Required work =
Copy the lines below, beginning with the one that contains "毛万春在湖南警察学院调研" and continuing through the final line, exactly as written and with no other lines.

Data to use =
———
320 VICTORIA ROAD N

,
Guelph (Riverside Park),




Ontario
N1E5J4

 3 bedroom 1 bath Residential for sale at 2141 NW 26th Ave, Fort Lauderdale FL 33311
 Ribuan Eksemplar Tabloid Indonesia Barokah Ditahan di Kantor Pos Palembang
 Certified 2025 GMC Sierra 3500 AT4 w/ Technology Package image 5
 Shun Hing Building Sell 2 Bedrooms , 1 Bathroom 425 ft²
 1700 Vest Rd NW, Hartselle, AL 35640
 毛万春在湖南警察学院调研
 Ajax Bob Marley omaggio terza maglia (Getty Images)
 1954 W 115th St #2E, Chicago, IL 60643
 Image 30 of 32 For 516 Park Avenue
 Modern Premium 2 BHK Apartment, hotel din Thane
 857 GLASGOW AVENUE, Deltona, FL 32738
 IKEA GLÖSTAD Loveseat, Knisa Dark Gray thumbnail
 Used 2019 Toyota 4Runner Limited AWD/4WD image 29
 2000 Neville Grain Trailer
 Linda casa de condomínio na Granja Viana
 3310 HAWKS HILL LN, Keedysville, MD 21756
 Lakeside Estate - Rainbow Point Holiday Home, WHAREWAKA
———
Task answer =
 毛万春在湖南警察学院调研
 Ajax Bob Marley omaggio terza maglia (Getty Images)
 1954 W 115th St #2E, Chicago, IL 60643
 Image 30 of 32 For 516 Park Avenue
 Modern Premium 2 BHK Apartment, hotel din Thane
 857 GLASGOW AVENUE, Deltona, FL 32738
 IKEA GLÖSTAD Loveseat, Knisa Dark Gray thumbnail
 Used 2019 Toyota 4Runner Limited AWD/4WD image 29
 2000 Neville Grain Trailer
 Linda casa de condomínio na Granja Viana
 3310 HAWKS HILL LN, Keedysville, MD 21756
 Lakeside Estate - Rainbow Point Holiday Home, WHAREWAKA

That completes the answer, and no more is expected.